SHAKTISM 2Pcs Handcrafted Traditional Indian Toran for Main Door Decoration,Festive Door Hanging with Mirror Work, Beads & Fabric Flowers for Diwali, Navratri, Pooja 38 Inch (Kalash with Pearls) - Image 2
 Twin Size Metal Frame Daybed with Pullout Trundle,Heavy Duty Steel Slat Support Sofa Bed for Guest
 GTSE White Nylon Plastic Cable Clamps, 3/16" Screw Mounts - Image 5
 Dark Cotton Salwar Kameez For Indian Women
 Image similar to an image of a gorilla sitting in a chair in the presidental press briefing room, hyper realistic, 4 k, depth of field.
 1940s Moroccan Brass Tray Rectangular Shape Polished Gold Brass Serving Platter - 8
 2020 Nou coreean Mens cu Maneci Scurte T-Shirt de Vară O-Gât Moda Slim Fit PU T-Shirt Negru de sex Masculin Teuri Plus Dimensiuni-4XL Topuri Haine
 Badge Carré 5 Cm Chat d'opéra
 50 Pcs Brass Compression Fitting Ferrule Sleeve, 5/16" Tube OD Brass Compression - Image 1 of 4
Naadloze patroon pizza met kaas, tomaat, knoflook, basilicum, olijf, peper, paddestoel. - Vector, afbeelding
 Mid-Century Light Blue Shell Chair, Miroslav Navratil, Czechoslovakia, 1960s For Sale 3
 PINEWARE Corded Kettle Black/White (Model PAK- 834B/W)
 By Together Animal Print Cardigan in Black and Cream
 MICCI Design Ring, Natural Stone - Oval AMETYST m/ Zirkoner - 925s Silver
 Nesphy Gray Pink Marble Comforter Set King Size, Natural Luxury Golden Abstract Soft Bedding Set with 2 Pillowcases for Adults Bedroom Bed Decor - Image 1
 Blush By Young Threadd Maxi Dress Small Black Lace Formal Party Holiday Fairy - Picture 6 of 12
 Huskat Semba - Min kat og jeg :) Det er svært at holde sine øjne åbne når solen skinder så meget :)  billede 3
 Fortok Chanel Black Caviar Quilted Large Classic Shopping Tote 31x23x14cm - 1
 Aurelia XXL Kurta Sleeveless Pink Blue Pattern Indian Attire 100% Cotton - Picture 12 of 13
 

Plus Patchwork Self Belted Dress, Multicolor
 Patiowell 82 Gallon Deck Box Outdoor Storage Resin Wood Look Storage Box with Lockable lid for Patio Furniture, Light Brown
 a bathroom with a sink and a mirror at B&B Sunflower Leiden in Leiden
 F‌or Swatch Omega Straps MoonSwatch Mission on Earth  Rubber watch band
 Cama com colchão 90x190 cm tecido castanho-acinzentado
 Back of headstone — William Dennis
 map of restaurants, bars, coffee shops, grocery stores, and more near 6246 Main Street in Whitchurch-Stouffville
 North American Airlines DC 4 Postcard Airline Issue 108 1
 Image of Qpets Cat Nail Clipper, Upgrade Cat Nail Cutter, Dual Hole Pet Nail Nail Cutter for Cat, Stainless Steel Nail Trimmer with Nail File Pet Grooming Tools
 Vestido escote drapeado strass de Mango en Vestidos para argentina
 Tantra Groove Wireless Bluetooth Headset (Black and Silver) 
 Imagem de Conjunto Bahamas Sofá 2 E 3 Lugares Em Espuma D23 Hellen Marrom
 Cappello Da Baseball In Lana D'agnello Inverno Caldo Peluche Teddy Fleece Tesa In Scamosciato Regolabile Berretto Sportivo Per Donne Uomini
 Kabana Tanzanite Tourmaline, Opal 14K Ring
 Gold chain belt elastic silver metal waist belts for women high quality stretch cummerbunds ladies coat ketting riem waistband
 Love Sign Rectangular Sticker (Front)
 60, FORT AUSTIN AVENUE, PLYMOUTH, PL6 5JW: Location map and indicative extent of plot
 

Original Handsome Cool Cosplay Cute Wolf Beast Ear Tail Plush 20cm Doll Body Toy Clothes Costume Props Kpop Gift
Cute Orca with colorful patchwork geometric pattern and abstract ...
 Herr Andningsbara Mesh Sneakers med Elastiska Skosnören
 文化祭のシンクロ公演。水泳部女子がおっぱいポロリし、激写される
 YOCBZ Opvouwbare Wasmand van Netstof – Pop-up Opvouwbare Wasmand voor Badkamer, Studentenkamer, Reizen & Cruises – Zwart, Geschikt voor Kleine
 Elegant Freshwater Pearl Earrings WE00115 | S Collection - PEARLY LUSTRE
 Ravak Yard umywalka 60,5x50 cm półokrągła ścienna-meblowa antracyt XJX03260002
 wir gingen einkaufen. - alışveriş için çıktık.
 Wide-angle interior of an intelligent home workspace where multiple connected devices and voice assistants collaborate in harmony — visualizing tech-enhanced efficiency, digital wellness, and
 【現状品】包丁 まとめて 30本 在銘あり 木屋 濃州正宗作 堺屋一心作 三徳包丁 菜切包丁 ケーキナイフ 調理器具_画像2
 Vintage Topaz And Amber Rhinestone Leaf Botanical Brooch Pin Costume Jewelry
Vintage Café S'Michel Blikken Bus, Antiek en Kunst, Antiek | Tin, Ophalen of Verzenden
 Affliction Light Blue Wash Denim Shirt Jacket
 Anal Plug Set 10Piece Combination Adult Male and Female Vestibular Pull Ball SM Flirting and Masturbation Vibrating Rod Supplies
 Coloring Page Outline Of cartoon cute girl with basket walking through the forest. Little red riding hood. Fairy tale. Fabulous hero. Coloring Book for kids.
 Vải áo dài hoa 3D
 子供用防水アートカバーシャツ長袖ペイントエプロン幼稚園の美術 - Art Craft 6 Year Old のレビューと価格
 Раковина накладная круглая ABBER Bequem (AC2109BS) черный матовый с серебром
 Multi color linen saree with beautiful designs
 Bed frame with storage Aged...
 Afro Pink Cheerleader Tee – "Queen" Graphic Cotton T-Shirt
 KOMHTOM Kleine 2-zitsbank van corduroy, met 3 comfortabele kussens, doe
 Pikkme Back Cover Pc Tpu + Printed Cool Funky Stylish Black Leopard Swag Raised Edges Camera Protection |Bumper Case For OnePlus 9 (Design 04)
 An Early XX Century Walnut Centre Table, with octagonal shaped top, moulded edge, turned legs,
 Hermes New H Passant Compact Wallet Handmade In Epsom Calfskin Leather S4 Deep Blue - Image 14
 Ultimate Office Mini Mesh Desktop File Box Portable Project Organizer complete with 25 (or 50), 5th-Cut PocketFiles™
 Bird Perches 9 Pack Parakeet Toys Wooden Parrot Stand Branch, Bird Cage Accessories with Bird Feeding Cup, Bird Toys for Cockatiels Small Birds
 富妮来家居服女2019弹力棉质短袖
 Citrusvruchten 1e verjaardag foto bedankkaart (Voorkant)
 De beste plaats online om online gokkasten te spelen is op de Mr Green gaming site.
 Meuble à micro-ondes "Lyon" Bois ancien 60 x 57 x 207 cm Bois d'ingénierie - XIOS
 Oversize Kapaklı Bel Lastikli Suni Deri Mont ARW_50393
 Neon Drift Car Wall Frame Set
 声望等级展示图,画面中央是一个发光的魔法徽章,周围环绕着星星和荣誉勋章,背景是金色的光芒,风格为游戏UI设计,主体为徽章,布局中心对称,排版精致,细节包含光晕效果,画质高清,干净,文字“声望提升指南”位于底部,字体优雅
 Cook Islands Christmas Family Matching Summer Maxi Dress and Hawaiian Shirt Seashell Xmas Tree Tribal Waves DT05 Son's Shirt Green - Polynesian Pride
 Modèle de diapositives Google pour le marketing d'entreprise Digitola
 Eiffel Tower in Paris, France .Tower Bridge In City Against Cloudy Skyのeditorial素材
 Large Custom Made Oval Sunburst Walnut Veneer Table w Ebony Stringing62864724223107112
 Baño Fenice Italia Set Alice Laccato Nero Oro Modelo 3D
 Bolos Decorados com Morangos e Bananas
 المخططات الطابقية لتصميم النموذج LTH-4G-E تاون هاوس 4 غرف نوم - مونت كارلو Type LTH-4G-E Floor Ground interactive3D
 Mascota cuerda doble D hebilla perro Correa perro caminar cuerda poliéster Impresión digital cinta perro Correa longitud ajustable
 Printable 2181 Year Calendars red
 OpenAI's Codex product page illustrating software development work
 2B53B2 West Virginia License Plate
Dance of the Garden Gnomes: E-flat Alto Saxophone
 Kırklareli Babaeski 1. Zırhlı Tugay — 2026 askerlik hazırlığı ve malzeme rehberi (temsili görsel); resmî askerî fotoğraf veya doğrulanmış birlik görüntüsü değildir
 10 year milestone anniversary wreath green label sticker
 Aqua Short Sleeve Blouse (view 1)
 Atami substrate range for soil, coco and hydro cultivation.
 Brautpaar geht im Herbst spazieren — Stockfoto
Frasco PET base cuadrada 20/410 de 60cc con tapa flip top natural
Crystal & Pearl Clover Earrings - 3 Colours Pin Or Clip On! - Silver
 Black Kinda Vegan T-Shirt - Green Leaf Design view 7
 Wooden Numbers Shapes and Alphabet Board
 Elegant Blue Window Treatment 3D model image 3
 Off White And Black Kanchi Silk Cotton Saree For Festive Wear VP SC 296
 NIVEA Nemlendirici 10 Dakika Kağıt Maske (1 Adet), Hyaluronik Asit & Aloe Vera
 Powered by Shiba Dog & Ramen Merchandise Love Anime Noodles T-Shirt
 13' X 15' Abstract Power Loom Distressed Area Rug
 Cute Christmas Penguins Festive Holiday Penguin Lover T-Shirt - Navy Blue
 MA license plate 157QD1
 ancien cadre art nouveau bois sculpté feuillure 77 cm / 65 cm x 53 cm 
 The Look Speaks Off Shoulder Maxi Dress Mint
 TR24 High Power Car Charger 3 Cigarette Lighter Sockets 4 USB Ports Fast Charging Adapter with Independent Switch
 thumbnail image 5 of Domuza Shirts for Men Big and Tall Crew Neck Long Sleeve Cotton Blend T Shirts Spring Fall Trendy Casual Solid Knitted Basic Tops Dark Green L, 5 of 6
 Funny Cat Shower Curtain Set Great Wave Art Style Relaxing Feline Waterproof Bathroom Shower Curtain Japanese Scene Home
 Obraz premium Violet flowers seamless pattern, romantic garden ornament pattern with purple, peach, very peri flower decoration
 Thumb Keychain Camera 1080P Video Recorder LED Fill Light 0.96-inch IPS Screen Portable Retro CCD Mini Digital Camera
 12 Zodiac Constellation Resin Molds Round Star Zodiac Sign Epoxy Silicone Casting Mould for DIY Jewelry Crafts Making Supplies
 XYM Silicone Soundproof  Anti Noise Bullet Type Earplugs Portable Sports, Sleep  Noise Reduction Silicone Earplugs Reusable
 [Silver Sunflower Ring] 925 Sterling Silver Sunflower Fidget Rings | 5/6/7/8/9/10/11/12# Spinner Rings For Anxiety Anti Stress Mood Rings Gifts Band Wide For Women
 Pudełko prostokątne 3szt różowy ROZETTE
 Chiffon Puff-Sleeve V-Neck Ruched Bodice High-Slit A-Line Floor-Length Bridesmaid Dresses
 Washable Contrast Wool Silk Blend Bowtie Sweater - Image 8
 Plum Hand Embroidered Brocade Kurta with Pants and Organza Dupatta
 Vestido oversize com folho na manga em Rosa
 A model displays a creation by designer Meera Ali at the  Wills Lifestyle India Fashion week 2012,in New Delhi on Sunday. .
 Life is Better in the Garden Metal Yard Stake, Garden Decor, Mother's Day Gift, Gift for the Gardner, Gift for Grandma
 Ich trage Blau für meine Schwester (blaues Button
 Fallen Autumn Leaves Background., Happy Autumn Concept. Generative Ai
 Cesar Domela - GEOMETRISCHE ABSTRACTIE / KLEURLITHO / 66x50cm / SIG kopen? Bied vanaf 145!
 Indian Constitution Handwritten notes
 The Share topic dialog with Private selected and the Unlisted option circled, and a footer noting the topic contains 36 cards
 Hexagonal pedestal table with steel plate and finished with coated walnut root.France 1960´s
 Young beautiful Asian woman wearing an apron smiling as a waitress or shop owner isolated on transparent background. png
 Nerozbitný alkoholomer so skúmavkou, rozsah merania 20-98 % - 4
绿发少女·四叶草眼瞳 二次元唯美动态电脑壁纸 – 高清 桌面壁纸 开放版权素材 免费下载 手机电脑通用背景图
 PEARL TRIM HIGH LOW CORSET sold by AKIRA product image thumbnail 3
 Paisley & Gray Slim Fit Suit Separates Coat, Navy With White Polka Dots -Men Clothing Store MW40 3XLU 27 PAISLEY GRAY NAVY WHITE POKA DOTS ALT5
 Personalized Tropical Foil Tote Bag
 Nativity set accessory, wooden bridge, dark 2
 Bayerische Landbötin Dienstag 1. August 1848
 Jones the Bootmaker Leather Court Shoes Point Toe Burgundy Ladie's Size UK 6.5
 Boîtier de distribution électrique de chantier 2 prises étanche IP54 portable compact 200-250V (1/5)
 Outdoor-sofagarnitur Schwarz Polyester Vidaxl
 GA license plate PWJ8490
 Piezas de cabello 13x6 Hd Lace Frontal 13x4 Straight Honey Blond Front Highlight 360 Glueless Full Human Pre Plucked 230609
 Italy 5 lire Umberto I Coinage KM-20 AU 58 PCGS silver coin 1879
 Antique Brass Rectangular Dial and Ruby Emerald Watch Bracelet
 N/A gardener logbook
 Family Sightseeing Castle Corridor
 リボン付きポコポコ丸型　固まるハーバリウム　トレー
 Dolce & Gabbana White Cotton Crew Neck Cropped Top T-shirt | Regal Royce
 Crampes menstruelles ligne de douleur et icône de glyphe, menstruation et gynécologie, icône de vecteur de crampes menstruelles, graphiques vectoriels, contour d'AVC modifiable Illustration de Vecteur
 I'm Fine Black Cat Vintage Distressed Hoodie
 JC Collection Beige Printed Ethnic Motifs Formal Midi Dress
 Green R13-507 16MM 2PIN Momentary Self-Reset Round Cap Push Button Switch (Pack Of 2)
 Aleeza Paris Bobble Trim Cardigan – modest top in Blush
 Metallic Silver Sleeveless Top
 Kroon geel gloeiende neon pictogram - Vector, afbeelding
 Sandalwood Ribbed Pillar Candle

▶ [AIM OF THE EXERCISE] Write out, from the lines above, only those from the line with "MICCI Design Ring, Natural" to the line with "Aurelia XXL Kurta", exactly as given, including the first and the last.

▶ [PROBLEM SOLUTION]
 MICCI Design Ring, Natural Stone - Oval AMETYST m/ Zirkoner - 925s Silver
 Nesphy Gray Pink Marble Comforter Set King Size, Natural Luxury Golden Abstract Soft Bedding Set with 2 Pillowcases for Adults Bedroom Bed Decor - Image 1
 Blush By Young Threadd Maxi Dress Small Black Lace Formal Party Holiday Fairy - Picture 6 of 12
 Huskat Semba - Min kat og jeg :) Det er svært at holde sine øjne åbne når solen skinder så meget :)  billede 3
 Fortok Chanel Black Caviar Quilted Large Classic Shopping Tote 31x23x14cm - 1
 Aurelia XXL Kurta Sleeveless Pink Blue Pattern Indian Attire 100% Cotton - Picture 12 of 13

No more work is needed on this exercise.